IN THE HIGH COURT OF KARNATAKA AT BENGALURU DATED THIS THE 23RD DAY OF APRIL, 2019 BEFORE THE HON'BLE MR. JUSTICE K. NATARAJAN CRIMINAL APPEAL NO.1040 OF 2010 BETWEEN:
H.T. KENCHEGOWDA S/O. THIMME GOWDA, MAJOR, COFFEE PLANTER, RESIDENT OF HANGARAVALLY VILLAGE AND POST, CHIKAMAGALUR TALUKA AND DISTRICT.
(BY SRI UMESH P.B., ADVOCATE FOR SRI R.B. DESHPANDE, ADVOCATE) AND S.D. UMESH S/O. DIBBEGOWDA, MAJOR, COFFEE PLANTER, RESIDENT OF SIRAVALALU VILLAGE, KADAL CROSS, VASTHARE POST, CHIKAMAGALUR TALUK AND DISTRICT, OLD ADDRESS "SRI BYRAVESHWARA COFFEE LINKS" BASAVANAHALLY, NEAR SHANKARMUTT, CHIKAMAGALUR - 577 101.
(BY SRI M.K. BHASKARAIAH, ADVOCATE) * * * ... APPELLANT ... RESPONDENT THIS CRIMINAL APPEAL IS FILED UNDER SECTION 378(4) OF CR.P.C PRAYING TO SET ASIDE THE ORDER DATED 17-11- 2005 PASSED BY THE PRESIDING OFFICER, FAST TRACK COURT-I, CHIKMAGALUR IN CRL.A.No.99/2005 AND CONVICT THE RESPONDENT FOR THE OFFENCE PUNISHABLE UNDER SECTION 138 OF NEGOTIABLE INSTRUMENT ACT BY CONFIRMING THE JUDGMENT AND ORDER DATED 22-06-2005 PASSED BY THE ADDITIONAL CHIEF JUDGE (JR.DN) AND JMFC, CHIKMAGALUR IN C.C.NO.2640/2003.
THIS CRIMINAL APPEAL COMING ON FOR ORDERS THIS DAY, THE COURT DELIVERED THE FOLLOWING:
J U D G M E N T This appeal is preferred by the appellant/complainant against the respondent-accused being aggrieved by the judgment of acquittal passed by the Fast Tract Court – I at Chickkamagaluru in Criminal Appeal No. 99/2005 dated 17.11.2005 wherein the Appellate Court has set aside the judgment of conviction and sentence passed against the respondent in C.C.No.2640/2003 dated 22.06.2005 for the offence under Section 138 of Negotiable Instrument Act (hereinafter referred as NI Act) 2. Heard both the learned counsel for the appellant as well as respondent.
3. The ranks of the parties before the trial Court is retained for the convenience.
4. Before adverting the arguments of the learned counsel, it is worth to mention the fact of the case – appellant-complainant accused before the trial Court as hereunder:
5. The complainant (the appellant hereunder) has filed the complaint under Section 200 of Cr.P.C. against the accused for the offence punishable under Section 138 of NI Act alleging that the accused issued a cheque- Ex.P1 for discharging the liability of Rs.1,63,000/- vide cheque dated 31.01.2002 drawn in Canara Bank, Basavanahalli Extension, Chikkamagaluru.

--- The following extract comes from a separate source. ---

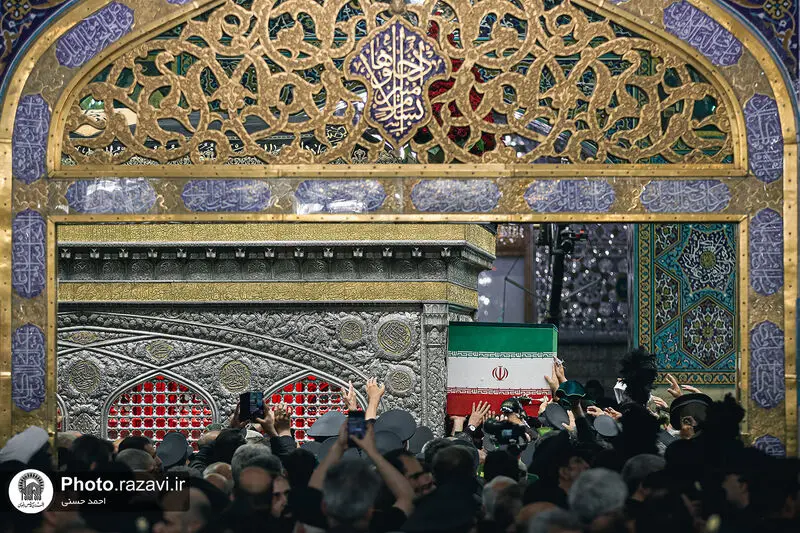 عکس مراسم تشیع رهبر در مشهد2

On presentation of the cheque by the complainant in his bank, the cheque was returned with the endorsement of the bank that the account of the accused was closed vide endorsement dated 22.03.2002, then he had issued legal notice on 26.03.2002. The notice sent under certificate of posting has been served on the accused, no reply has been received. Hence, the complainant filed the complaint before the trial Court.
6. The trial Court after taking cognizance, issued notice to the accused. He has appeared before the Court and pleaded not guilty and to prove his case, the complainant himself examined as PW.1 and got marked 8 documents except cross examining the complainant by denying the case of the complainant. The accused has not chosen to lead any defence evidence. After hearing the arguments of both the sides, the learned trial Judge found accused guilty and convicted and sentenced to undergo imprisonment for 6 months and to pay compensation of Rs.1,63,000/- to the complainant.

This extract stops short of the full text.